昨日,息子の属する野球チームの練習試合があった。まだまだのチームで,未だに勝ちどきをあげたことがない。先月29日の公式戦も,17対2で散々な試合だった。息子も,満塁のチャンスで三振,外野の守備でエラーと攻守に生彩がなく,途中で交代させられてしまった。私は,久しぶりに試合を見に行ったのに,赤面の至りであった。

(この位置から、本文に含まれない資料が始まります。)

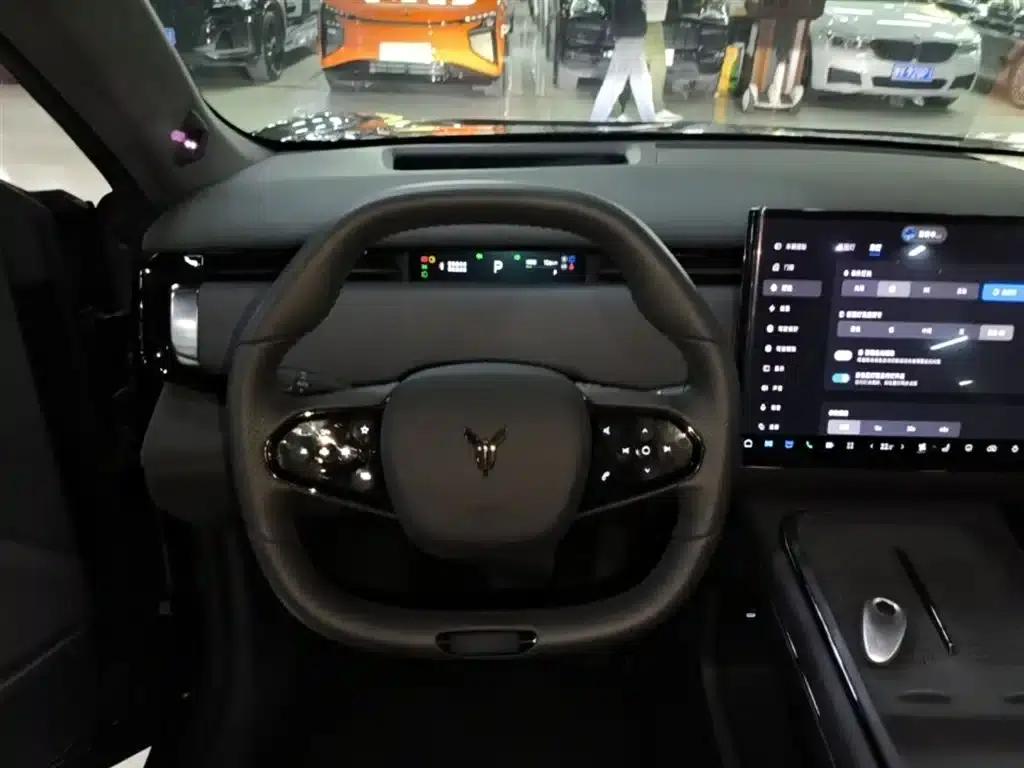 Voyah 2024 Global Edition (4WD) — миниатюра 11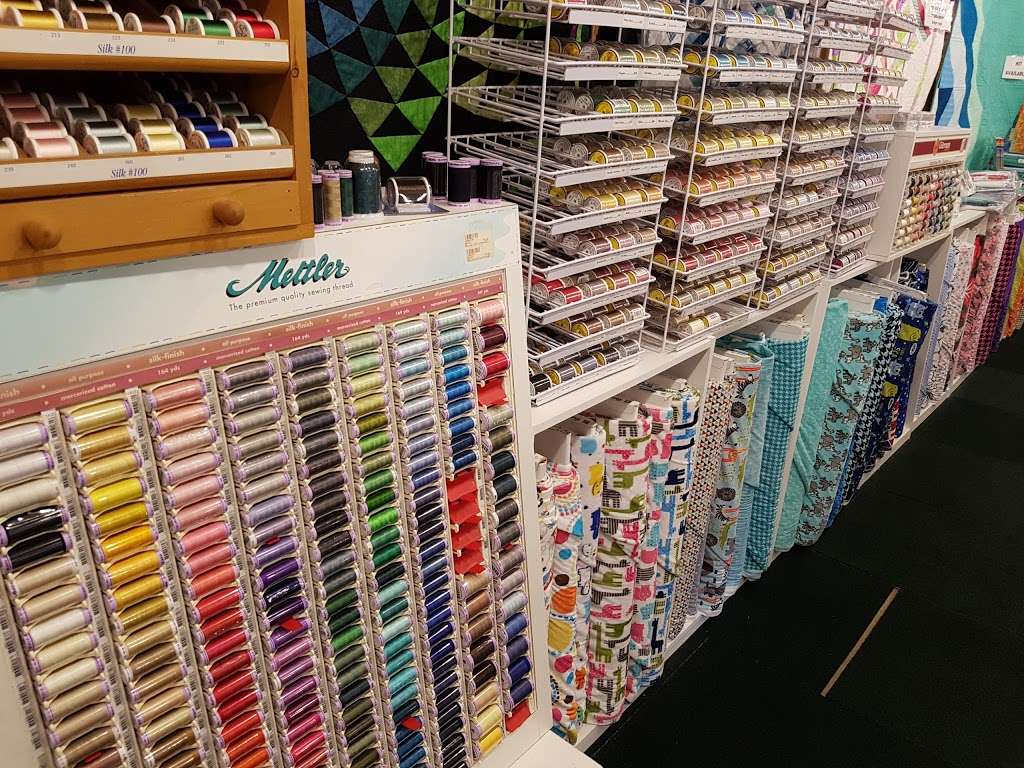 Lyons Quilting | 42 E Main St, Lyons, CO 80540 | Phone: (303) 823-6067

29日の試合の後,息子に尋ねると,私が見に来たので緊張した,今度は来ないでくれ,とのことであった。そういや,昔,自分も野球をしている時に,親父に同じようなことを言った経験がある。仕方なく,昨日は,諦めて家で仕事をしていたが,試合時間が近づくと,いてもたってもいられなくなり,急いで練習試合の会場に走った。でも,息子との約束があるので,相チームのネット裏で,隠れるように応援をしていた。何でここまでしなければならないのかと思ったが,約束は約束。まるで逃走者のような気持で試合を見ていた。息子は,先日4番バッターだったが,へまをしたためか,昨日は6番バッターであった。まだかまだかと待っていたが,またチャンスで打順が回ってきた。声をかけたかったが,それもできず,「神様,仏様,稲尾様」と心の中でつぶやいているうちに,息子は,粘って,粘って,最後はゴロを転がした。「あ,だめか」と思ったが,相手のチームのエラーを誘った。敵失とはいえ,2点が入り,チームは歓声に包まれた。その後も押せ押せムードであり,チーム全体ではいくつかミスもあったものの,全体的には相手チームを圧倒した。息子も2安打を放った。いや久しぶりに興奮した。結果は,13対6で,チームは初勝利を飾った。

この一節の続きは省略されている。